_Source material:_

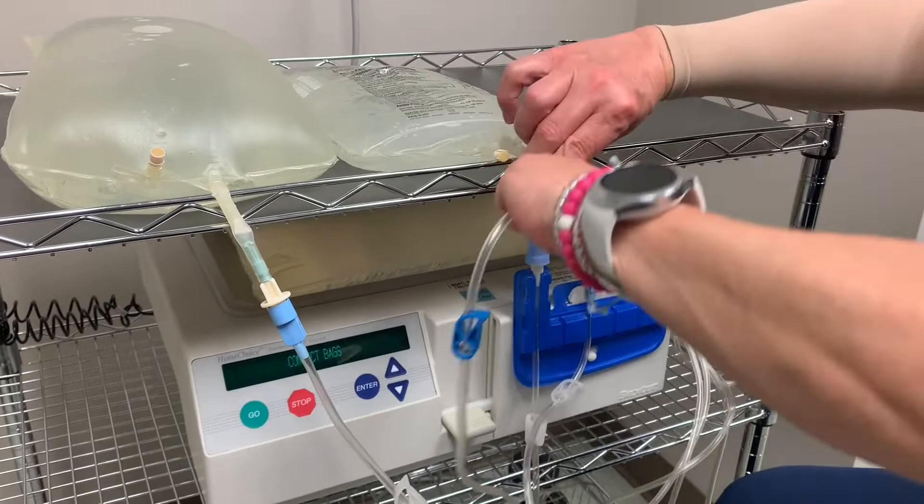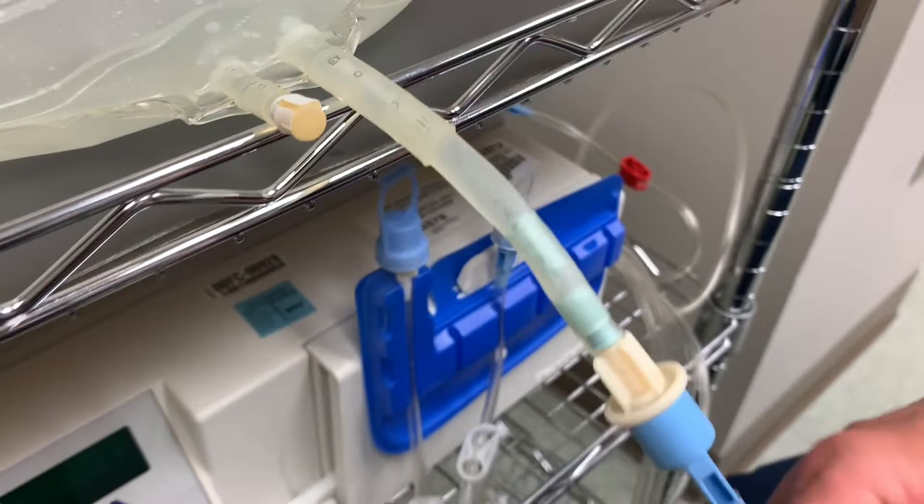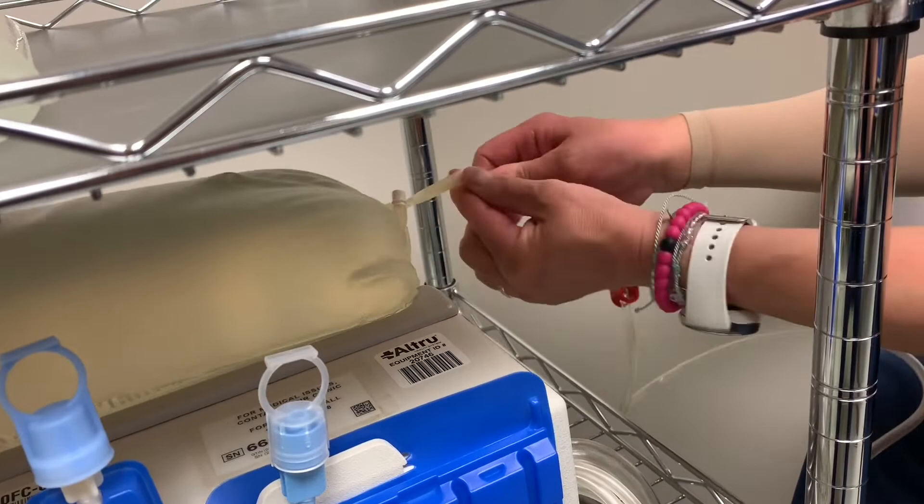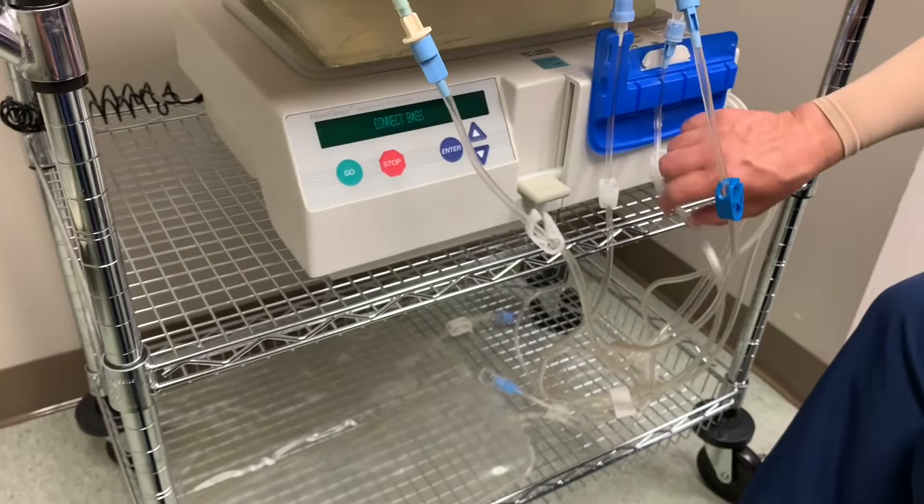Open the clamps — break your frangibles. Make sure there's good space in between, open the clamps, break the frangibles. Open clamp, break frangible, open clamp. The last line is still clamped, and the patient line is open because you want that to prime.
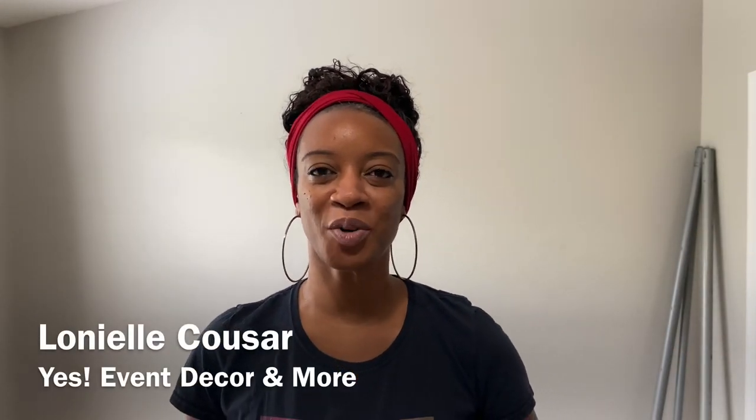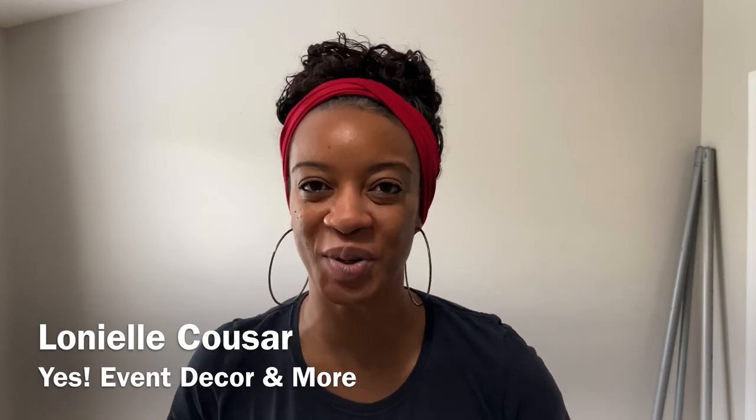Hey guys, welcome back to my channel. My name is Lanyelle Kuzar and I'm the owner of Yes Event Decor and More. Today I have an event that I'm hoping to decorate. I'm actually working with another vendor — they're going to provide the marquee letters and I'm going to be doing the balloon garlands that go on the marquee letters. I'm kind of nervous because I've never done this before, so I wanted to bring you guys along.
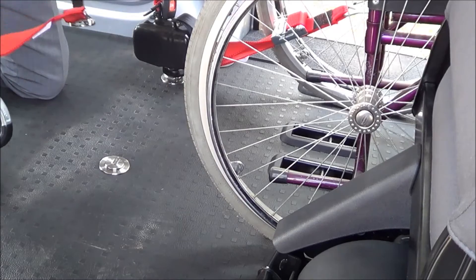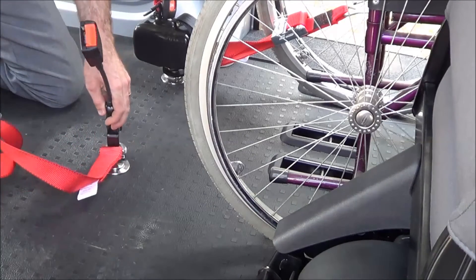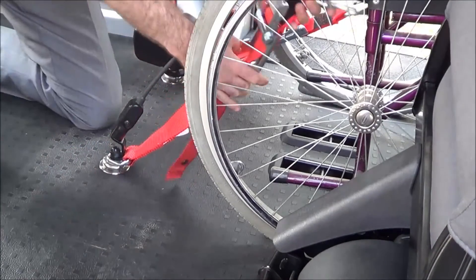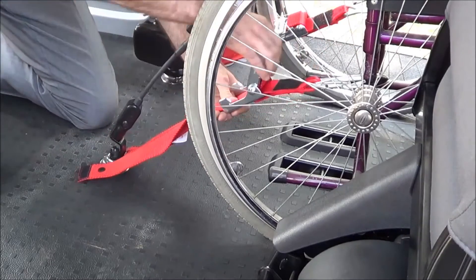The opposite rear restraint is integral with the stalk. Simply slide that onto the solo mount itself and again direct it towards the chair. The strap is adjustable — connect to the chair, pull the strap tight, and then close the gate.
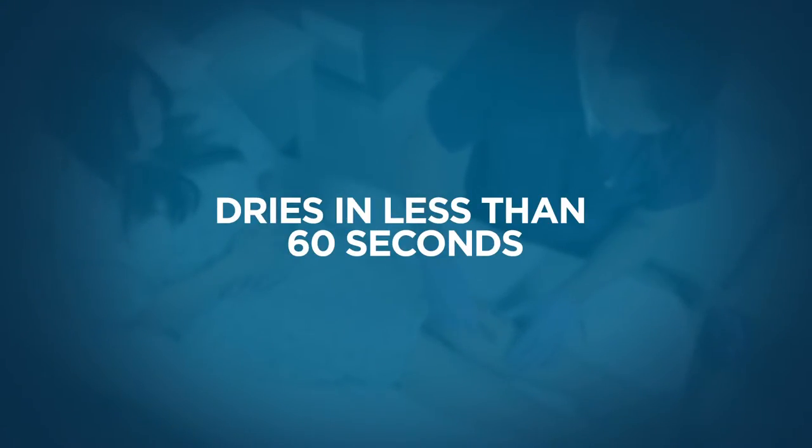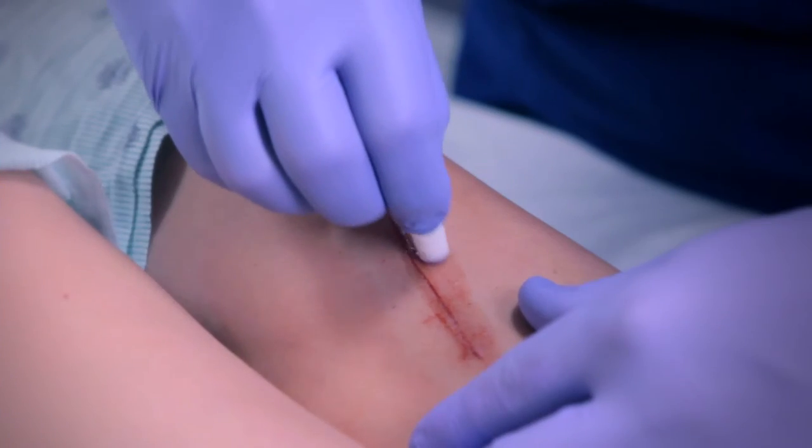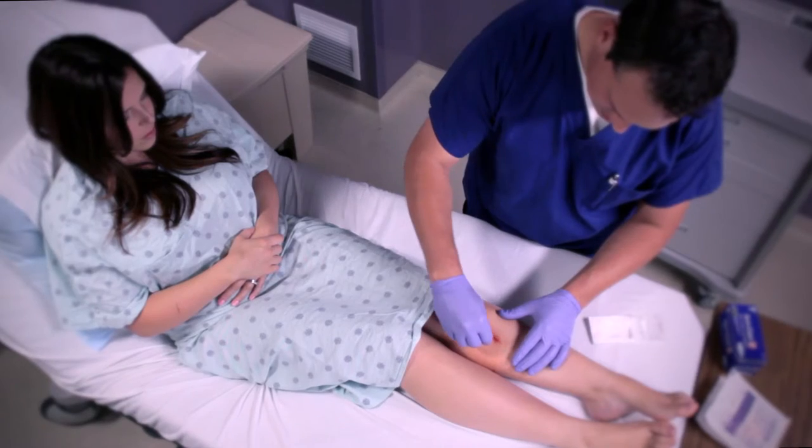Applied correctly, Sure Close 2 will polymerize on the skin in about a minute and it requires just one coat of adhesive to be effective.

_Work instruction:_
Would you return the material exactly, images excluded?

_Output below:_
Open the clamps — break your frangibles. Make sure there's good space in between, open the clamps, break the frangibles. Open clamp, break frangible, open clamp. The last line is still clamped, and the patient line is open because you want that to prime.
Hey guys, welcome back to my channel. My name is Lanyelle Kuzar and I'm the owner of Yes Event Decor and More. Today I have an event that I'm hoping to decorate. I'm actually working with another vendor — they're going to provide the marquee letters and I'm going to be doing the balloon garlands that go on the marquee letters. I'm kind of nervous because I've never done this before, so I wanted to bring you guys along.
The opposite rear restraint is integral with the stalk. Simply slide that onto the solo mount itself and again direct it towards the chair. The strap is adjustable — connect to the chair, pull the strap tight, and then close the gate.
Applied correctly, Sure Close 2 will polymerize on the skin in about a minute and it requires just one coat of adhesive to be effective.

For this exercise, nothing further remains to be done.